“Hal yang ternyata menarik untuk dieksplor adalah konflik-konflik subtil yang terjadi sehari-hari karena masalah komunikasi. Merupakan sebuah tantangan untuk menciptakan cerita yang driven-nya berasal dari emosi yang terpendam, suasana canggung, dan ekspektasi yang menjadi beban. Hal yang tidak meledak-ledak tetap punya power untuk mengikis dari dalam,” lanjut Teddy.
Salah satu pemeran Sha Ine Febriyanti mengatakan jika film ini sangat relate dengan kehidupan.

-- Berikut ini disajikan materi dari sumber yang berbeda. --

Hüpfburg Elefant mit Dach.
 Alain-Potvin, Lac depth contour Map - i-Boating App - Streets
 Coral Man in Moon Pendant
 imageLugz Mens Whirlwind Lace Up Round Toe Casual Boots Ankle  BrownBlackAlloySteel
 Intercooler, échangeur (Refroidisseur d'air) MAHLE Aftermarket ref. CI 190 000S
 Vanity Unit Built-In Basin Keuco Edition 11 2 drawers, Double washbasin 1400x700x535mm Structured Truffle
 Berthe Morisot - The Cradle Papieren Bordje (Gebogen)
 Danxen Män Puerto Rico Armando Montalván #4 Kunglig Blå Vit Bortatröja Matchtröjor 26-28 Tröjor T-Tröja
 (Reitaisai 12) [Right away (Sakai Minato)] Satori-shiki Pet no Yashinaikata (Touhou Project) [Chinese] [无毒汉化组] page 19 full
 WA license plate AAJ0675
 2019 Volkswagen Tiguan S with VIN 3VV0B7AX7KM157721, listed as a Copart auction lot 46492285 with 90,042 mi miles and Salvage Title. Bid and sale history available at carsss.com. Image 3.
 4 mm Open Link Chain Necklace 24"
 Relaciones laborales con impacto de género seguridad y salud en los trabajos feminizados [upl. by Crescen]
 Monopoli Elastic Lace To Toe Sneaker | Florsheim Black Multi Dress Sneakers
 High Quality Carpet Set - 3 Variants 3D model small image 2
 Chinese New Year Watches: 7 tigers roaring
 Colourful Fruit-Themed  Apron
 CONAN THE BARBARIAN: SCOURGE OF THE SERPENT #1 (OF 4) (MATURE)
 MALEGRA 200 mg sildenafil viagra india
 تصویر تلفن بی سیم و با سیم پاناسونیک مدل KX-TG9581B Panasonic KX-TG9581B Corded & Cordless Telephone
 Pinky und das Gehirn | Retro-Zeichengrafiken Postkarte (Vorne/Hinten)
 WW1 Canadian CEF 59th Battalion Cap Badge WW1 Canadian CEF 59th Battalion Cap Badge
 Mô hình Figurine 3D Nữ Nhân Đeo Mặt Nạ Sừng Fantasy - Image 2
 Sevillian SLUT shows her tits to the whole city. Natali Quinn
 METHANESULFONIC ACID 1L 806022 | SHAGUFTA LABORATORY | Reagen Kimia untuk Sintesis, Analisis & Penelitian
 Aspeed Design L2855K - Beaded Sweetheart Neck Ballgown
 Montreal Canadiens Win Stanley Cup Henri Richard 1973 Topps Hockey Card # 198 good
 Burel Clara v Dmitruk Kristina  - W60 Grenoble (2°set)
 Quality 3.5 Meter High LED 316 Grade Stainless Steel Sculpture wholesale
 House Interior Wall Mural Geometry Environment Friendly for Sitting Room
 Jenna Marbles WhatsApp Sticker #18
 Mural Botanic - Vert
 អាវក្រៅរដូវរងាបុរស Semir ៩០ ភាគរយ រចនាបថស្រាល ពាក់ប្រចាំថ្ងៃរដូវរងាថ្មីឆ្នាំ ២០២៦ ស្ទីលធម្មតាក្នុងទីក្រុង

Dalam membangun karakter Ibu Kasih, Ine tidak hanya membaca skrip yang diberikan namun berkonsultasi dengan sutradara, penulis naskah, sekaligus produser Teddy Soeriaatmadja dan berkaca dengan seseorang yang dikenalnya.
“Karakter kasih ini seperti ibu pada umumnya yang punya rasa sayang pada keluarga karena kejadian mentaly broken yang mana kehilangan kebingungan merespons kedukaan ini dia marah pada situasi yang terjadi kasih punya masalah dengan gimana ungkapkan validasi apa yang harus dia keluarkan kebanyakan kita punya pengalaman gak enak jadi bingung,”jelas Ine Febriyanti.
Adapun dalam cerita film yang ditulis selama 3 bulan ini turut mengangkat kesadaran tentang isu mental health yang masih rendah di masyarakat. Dengan menampilkan akting dari dua aktor-aktris muda, Bima Azriel (Ombak) dan Tissa Biani (Aleiqa).
Sebagai seseorang yang tidak memiliki luka seperti Ombak, Bima Azriel mencoba memahami masa kecil dari sang karakter, melakukan riset dengan teman, hingga observasi kepada dirinya sendiri.